FOIA; exemptions for courts of record, courts not of records, and Office of the Executive Secretary. (SB727)

Introduced By

Sen. Richard Stuart (R-Westmoreland)

Progress

Introduced
Passed Committee
Passed House
Passed Senate
Signed by Governor
Became Law

Description

Virginia Freedom of Information Act; exemptions; courts of record; courts not of record; the Office of the Executive Secretary. Exempts the judiciary, including courts of record, courts not of record, and the Office of the Executive Secretary of the Supreme Court of Virginia, from the provisions of the Virginia Freedom of Information Act. The bill directs the Supreme Court of Virginia to develop Rules of Court to govern public access to records in the custody of the judiciary. Read the Bill »

Status

01/31/2018: passed committee

History

DateAction
01/10/2018Prefiled and ordered printed; offered 01/10/18 18104644D
01/10/2018Referred to Committee on General Laws and Technology
01/18/2018Impact statement from DPB (SB727)
01/22/2018Rereferred from General Laws and Technology (9-Y 0-N) (see vote tally)
01/22/2018Rereferred to Courts of Justice
01/31/2018Reported from Courts of Justice with amendments (10-Y 5-N) (see vote tally)
02/02/2018Constitutional reading dispensed (38-Y 0-N) (see vote tally)
02/05/2018Read second time
02/05/2018Reading of amendments waived
02/05/2018Committee amendments agreed to
02/05/2018Engrossed by Senate as amended SB727E
02/05/2018Printed as engrossed 18104644D-E
02/06/2018Passed by for the day
02/07/2018Stricken from Senate calendar (40-Y 0-N) (see vote tally)

Comments

ACLU-VA Open Government writes:

The ACLU of Virginia supports openness and transparency in government. Public meetings and government documents should be as accessible to the public as possible. The activities and records of the courts and those who administer them should not be secret from the public that they serve.

Megan Rhyne writes:

This bill would cover everything from court case information to how much the courts spend on payroll. The chief justice was recently quoted as saying that the courts employ 3,000 people and processes roughly $750 million in transactions. Concern over access to judicial deliberations is justified. But cutting out a guaranteed right of access to the administrative records of the courts is untenable.

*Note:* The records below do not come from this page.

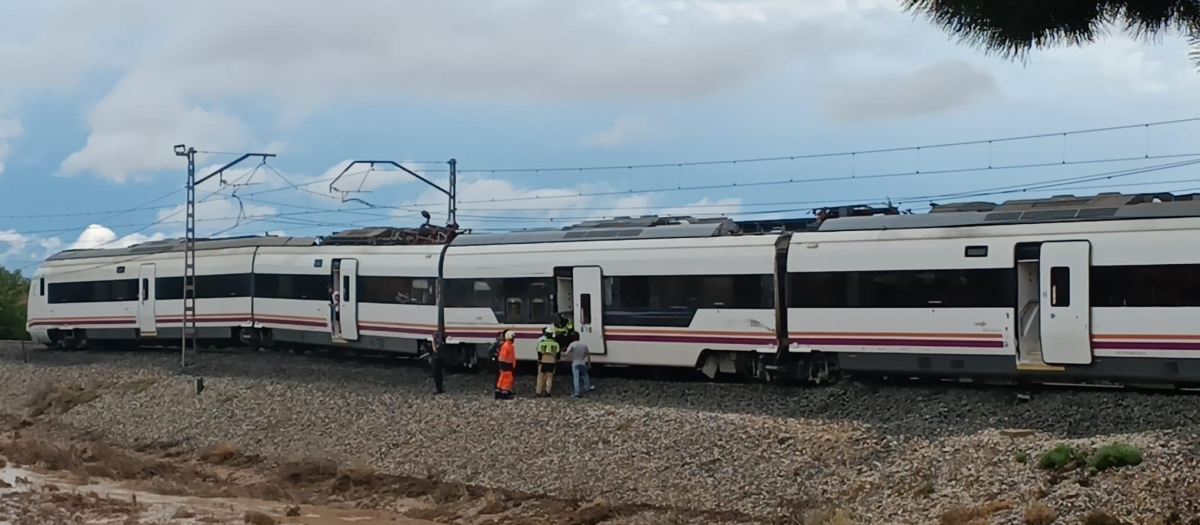 El tren descarrilado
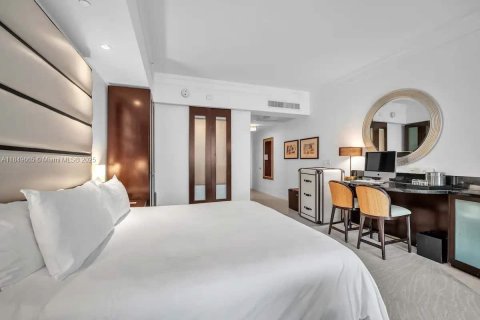 Купить кондоминиум в Майами-Бич, Флорида 49.98м2, № 1958265 - фото 1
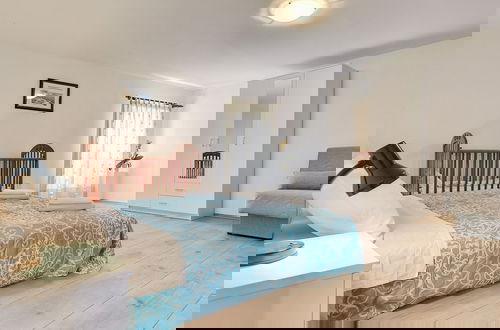 Foto 7 - Apartment With Modern Decor and Spacious Garden, 3 km From the Beach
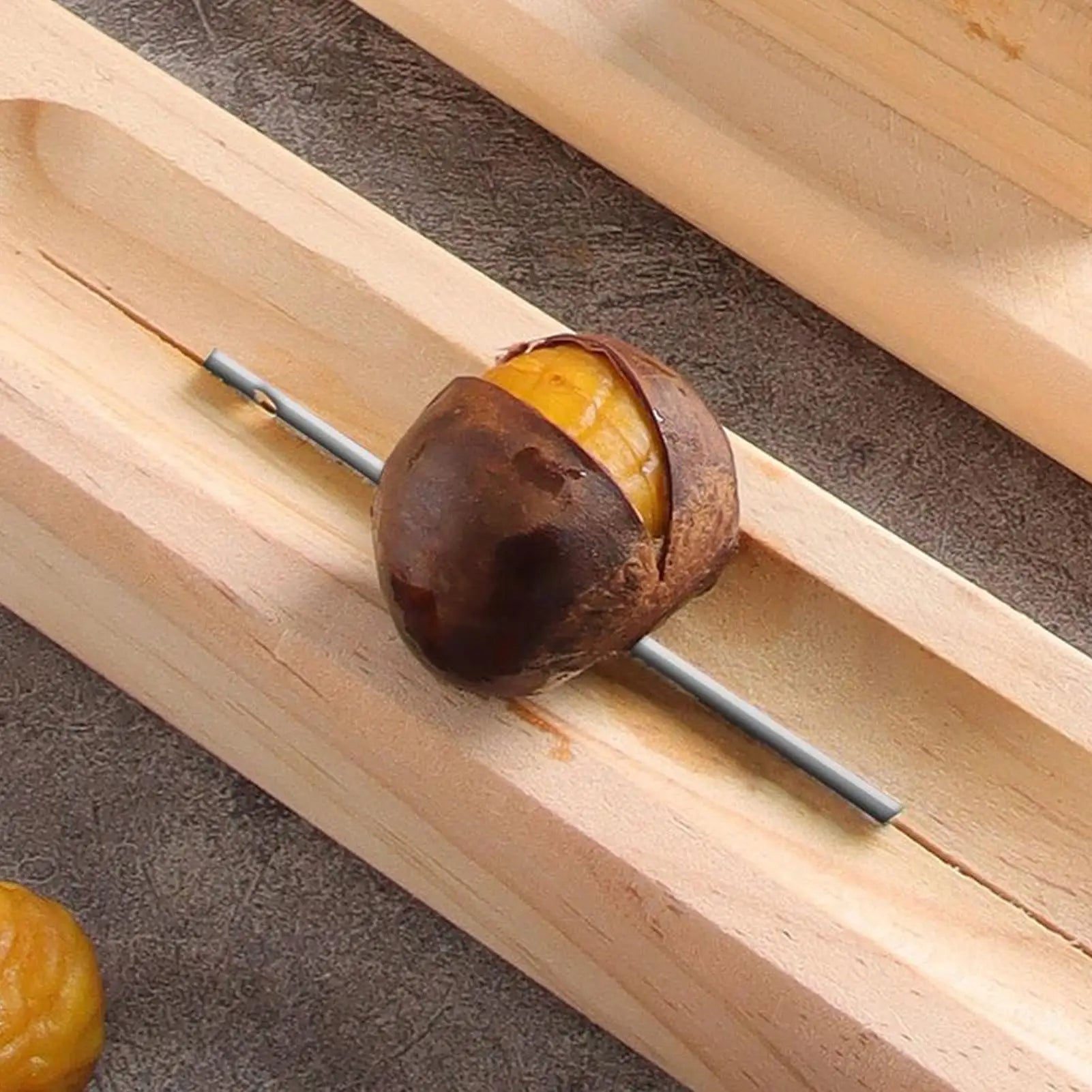 Nutcracker Chestnut Clip Cracker Opener Manual Peeling Tool
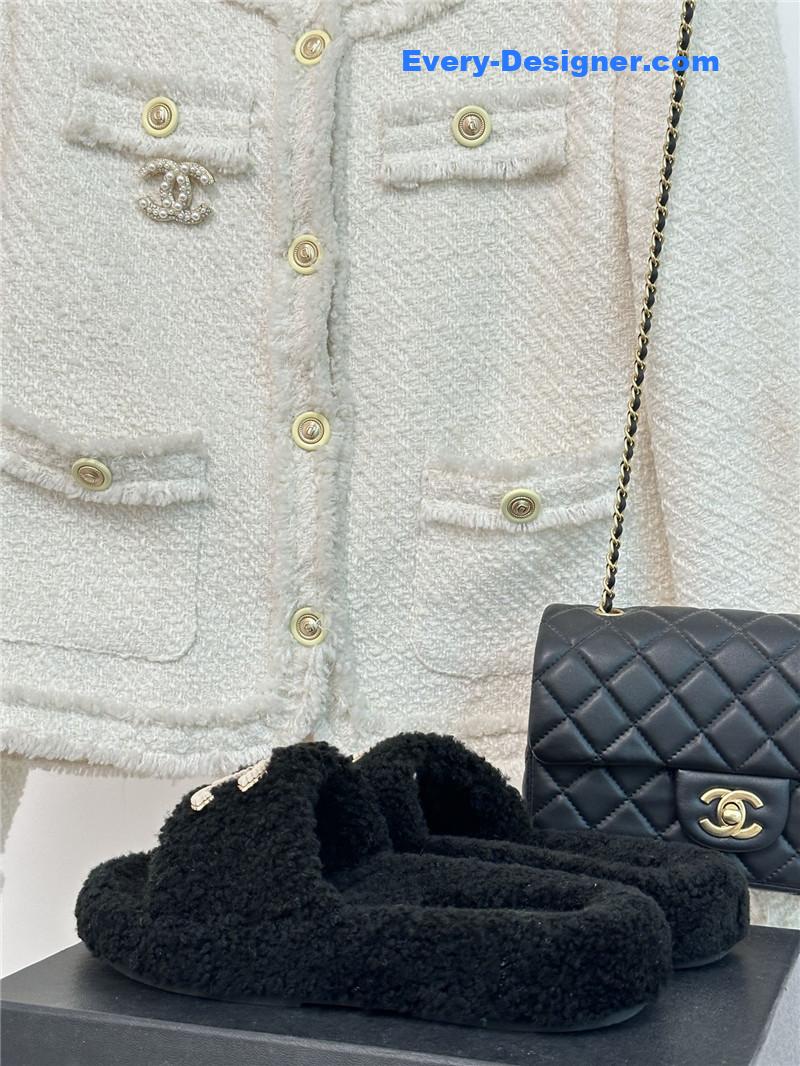 CC classic four seasons double C plush slippers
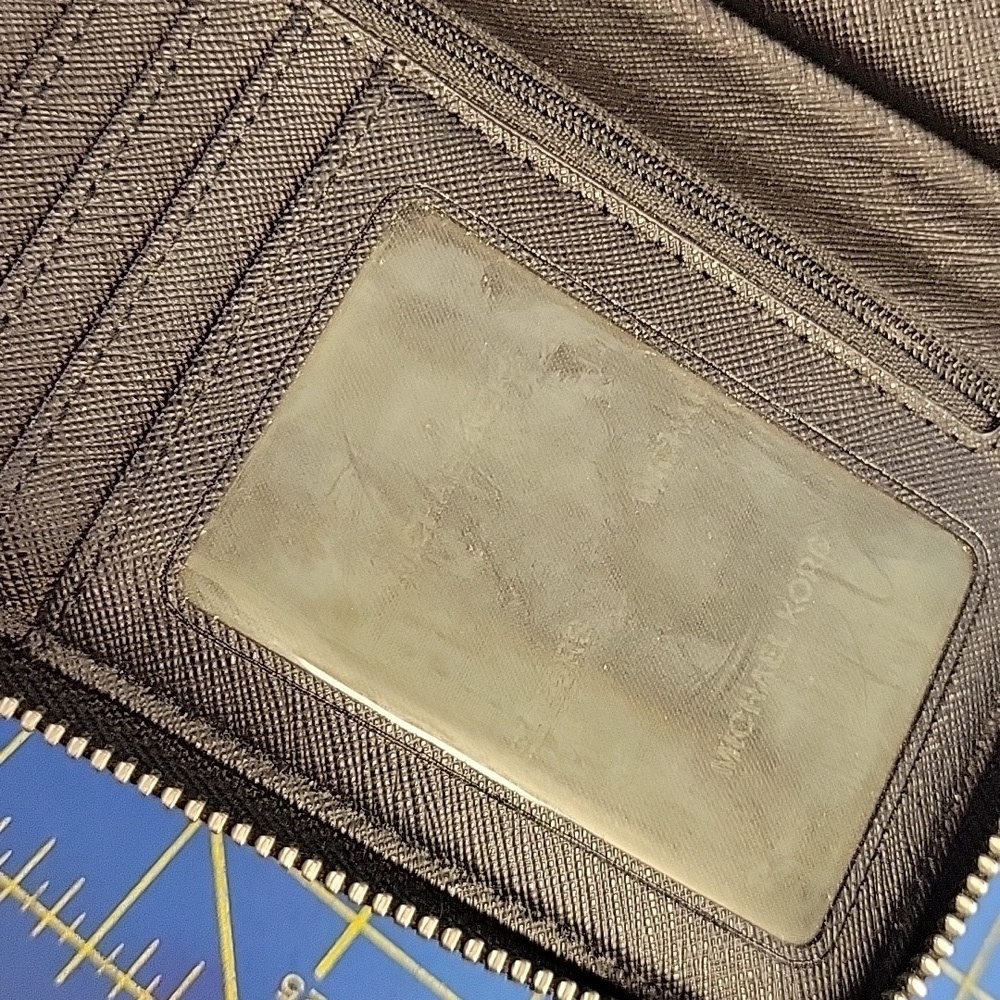 Michael Kors MK Black Wallet 12x4x1 Preloved - Picture 11 of 16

ACLU-VA Open Government writes:

The ACLU of Virginia strongly opposes this bill. All government agencies should be subject to FOIA and the courts are part of the government.

MARSHA MAINES writes:

JUST A FEW DAYS AGO THE SUPREME COURT, WITH A BAD CASE OF ENTITLEMENT AND A HEAVY DOSE OF NARCISSISM, issued a statement about how they reserve "the right" [lol] to create rules for themselves and that "judges' case notes are Private"...blah blah blah... I suppose since so many of them piggy-backed on each other's careers while climbing or went to "law school" (oxymoron) TOGETHER - they've decided they can't tell the difference between "practicing law" "bending law", and crowing themselves with TITLES - which is in Direct Contempt of the Constitution they are PAID to Apply when delivering their "opines" about How a STATE CODE was or was not Applied - oh wait - they don't DO THAT EITHER - let's just say they've been coddled long enough shall we?
Black Robes, just like badges - Don't Grant EXTRA Rights. In fact, IMO, all these folks need to spend a few days in a regional jail facility to Experience the POLICE STATE they've used the citizenry as their private lotto tokens to play Casino-court with.